For example, if p(9) = 0.5, p(10) = 0.5, and p(x) = 0 for all other x,
then we have 1 bit of entropy in the word.
We can analyze it bit a time, and proceed in oe of two ways:
- If we go lsbit first, then we have 1 bit of entropy in bit 0, but
then zero entropy in bit 1.
- If we go msbit first, we have 1 bit of entropy in bit 1, but then
zero entropy in bit 0.
Either way, there's only 1 bit of entropy total because of the
correlation between the bits. Once we have seen one of the bits, the
entropy of the second one collapses to 0.
And either way, we have 1 bit of entropy in the word, but 0 bits of entropy
in the parity of the word.
Am Freitag, 29. April 2016, 14:02:48 schrieb George Spelvin:
Hi George,
> >> 1. It DOES depend on the attacker. Any statement about independence
> >>
> >> depends on the available knowledge.
> >>
> >> 2. XOR being entropy preserving depends on independence ONLY, it does
> >>
> >> NOT depend on identical distribution. The latter is a red herring.
> >> (An English metaphor for "irrelevant distraction.")
> >>
> >> 3. Precisely because the bits are not independent, XOR is not
> >>
> >> guaranteed to be entropy-preserving (your sense) on real data.
> >
> > It seems we talk past each other. Your entire explanation refers to
> > individual bits that come in sequentially where the attacker inbetween
> > can analyze it and potentially modify his attack. Sure, in this case
> > they are not independent and I am not claiming that.
>
> You can analyze it in two equivalent ways:
>
> 1. The attacker knows all previous timestamps, and we are tring to
> quantify their uncertainty about the current timestamp word.
>
> In this case, some of the attacker's knowledge will be about
> correlations between the bits of that word.
>
> I think this is the easier way to think about the problem and
> the formulation I prefer. Especially because of the structure
> of the work you do afterward, XORing those 32 bits.
>
> 2. An attacker knows all previous *bits*, and is presented with, and
> tries to guess, the 32 bits of the timestamp one at a time.
>
> In this case, information gleaned from previously-seen bits which
> would be called correlations in option 1 get incorporated into the
> predicted distribution of the current bit.
>
> For measuring the source entropy, this is also a valid way to
> proceed. It's like Shannon's early studies of the entropy of
> English by letting readers read the first half of a novel and then
> asking them to guess what follows, one letter at a time.
>
> I think this form is less convenient in general, and it's particularly
> annoying when subsequently computing the parity of a word, as it's
> hard to talk about cancellations due to non-independent bits.
>
> Entropy (Shannon, Renyi, and min-) is additive, meaning that the two
> different ways of measuring will produce the same result.
>
> Either way, word or bit at a time, we are trying to quantify the *new*
> additional entropy contributed by the current sample. That means
> we assume for the analysis of each sample that all previous samples
> are known to the attacker.
>
> > But one single time stamp is one value where the entire 32 bits are
> > generated in an atomic fashion to any observer -- there is no sequential
> > obtaining of its bits, analyzing it and then reacting on it.
>
> I never suggested doing it any other way, although as I explained above
> it's possible to do so.
>
> I was only considering processing *words* sequentially.
>
> Knowledge of the previous *words* affect the predicted distribution
> of individual bits in the current word.
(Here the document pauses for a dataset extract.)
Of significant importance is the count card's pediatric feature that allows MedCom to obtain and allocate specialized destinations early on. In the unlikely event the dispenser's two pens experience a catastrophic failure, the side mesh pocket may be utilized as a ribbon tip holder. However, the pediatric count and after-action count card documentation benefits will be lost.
That is all correct what you write and I concur. But you still do not answer
the point I am making. You always in all your descriptions compare two or more
time stamps. And I always concured that they are dependent -- and XOR will do
whatever to the entropy.
What I am saying that the bits in one given time stamp are mutually
independent. I.e. bit 0 of one time stamp does not depend on bit 1 of that
very same time stamp.
I totally agree with you that bit 0 from time stamp 1 may tell you something
about bit 0 of time stamp 2. And therefore I am not considering multiple time
stamps for this first step.
Let me quote the definitions from SP800-90B:
IID: A sequence of random variables for which each element of the sequence has
the same probability distribution as the other values and all values are
mutually independent.
Independent: Two discrete random variables X and Y are (statistically)
independent if the probability that an observation of X will have a certain
value does not change, given knowledge of the value of an observation of Y
(and vice versa). When this is the case, the probability that the observed
values of X and Y will be x and y, respectively, is equal to the probability
that the observed value of X will be x (determined without regard for the
value of y) multiplied by the probability that the observed value of Y will be
y (determined without regard for the value of x).
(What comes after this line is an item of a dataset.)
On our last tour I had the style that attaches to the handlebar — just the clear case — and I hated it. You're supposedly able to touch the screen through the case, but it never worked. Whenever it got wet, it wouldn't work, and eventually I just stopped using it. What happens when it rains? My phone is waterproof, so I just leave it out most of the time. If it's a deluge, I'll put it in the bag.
All I am claiming and all I am saying is that the bits 0 through 31 in one
given time stamp are mutually indpendent. And thus the XOR of those
independent bits is appropriate.
>
> When woring word-at-a-time like this, we also have to consider
> cross-correlations among the bits of a word. The most general way to
Tell me where the correlations should be within one word. Where do you claim
they come from?
> express it is a set of 2^32 probabilities for each of the 2^32 possible
> values. The awkwardness of this form is why it's sometimes useful to
> think about smaller pieces.
>
> For example, if p(9) = 0.5, p(10) = 0.5, and p(x) = 0 for all other x,
> then we have 1 bit of entropy in the word.
>
> We can analyze it bit a time, and proceed in oe of two ways:
>
> - If we go lsbit first, then we have 1 bit of entropy in bit 0, but
> then zero entropy in bit 1.
> - If we go msbit first, we have 1 bit of entropy in bit 1, but then
> zero entropy in bit 0.
This description makes no sense.
>
> Either way, there's only 1 bit of entropy total because of the
> correlation between the bits. Once we have seen one of the bits, the
> entropy of the second one collapses to 0.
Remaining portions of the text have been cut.